Holyrood Election 2011
Scotland has chosen its government for the next five years, and the SNP have won a clear majority.
After a dramatic night of mostly SNP highs and Labour lows, the Nationalists crossed the 65-seat mark to ensure they will return to Holyrood in a much stronger position.
Labour lost many of their supposedly safe seats, but this was largely due to voters switching allegiance from the Liberal Democrats to the SNP.
Election map guide
When you click on your area of the map, you will see a constituency profile and the full results for this year's election. To see Edinburgh and Glasgow consituencies and the regional results, you can click on the tabs to the left.

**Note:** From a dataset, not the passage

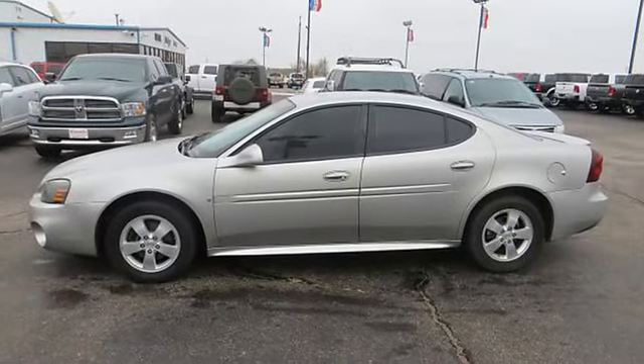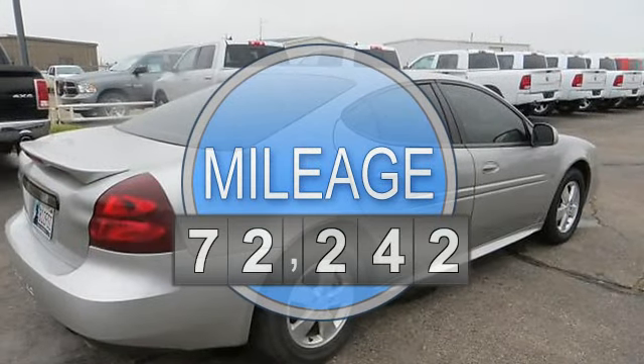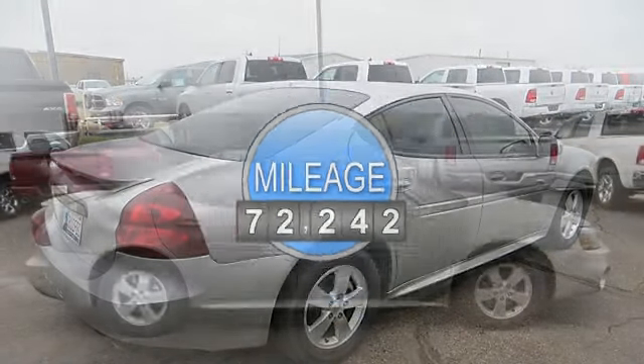This vehicle features the following equipment: automatic, 3.8-liter six-cylinder, alloy wheels, keyless entry, security alarm, tinted glass, rear spoiler.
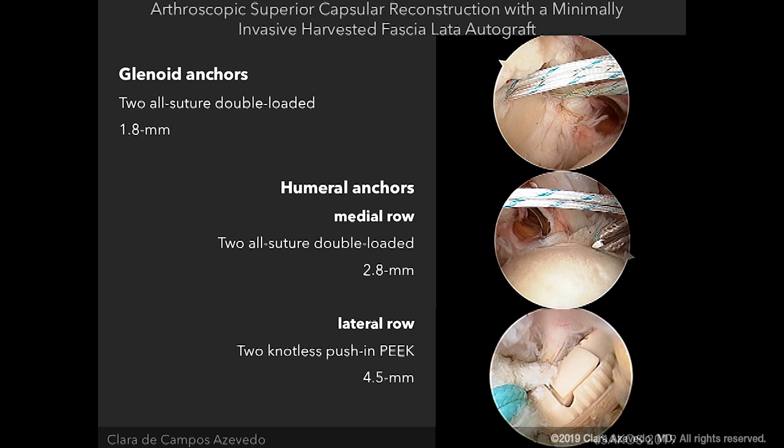In summary, you need two all-suture double-loaded 1.8mm anchors on the superior glenoid rim, two all-suture double-loaded 2.8mm anchors at the transition between the articular cartilage of the humerus and bone, and then the lateral row with two knotless push-in PEEK 4.5mm anchors loaded with all the suture limbs from the humeral anchors that you've previously passed through the remaining rotator cuff.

There have been significant boundary changes since the last election, so we have also included the notional 2007 results, which have been calculated in order to estimate which parties would have won each seat if the present boundaries had been in place.
Results explained
There are two ways in which MSPs are elected:
- Each of the 73 constituencies elects one Member of Parliament (MSP) by the first-past-the-post system, where the candidate with the largest number of votes wins the seat.
- In addition to this, a second vote is required to elect the seven additional MSPs for each of the eight regions (each formed by grouping together eight to ten consituencies), to fill the total of 129 seats. Regional MSPs are allocated seats using a formula which takes into account the number of constituency seats that an individual or party has already won. This method is known as party-list proportional representation.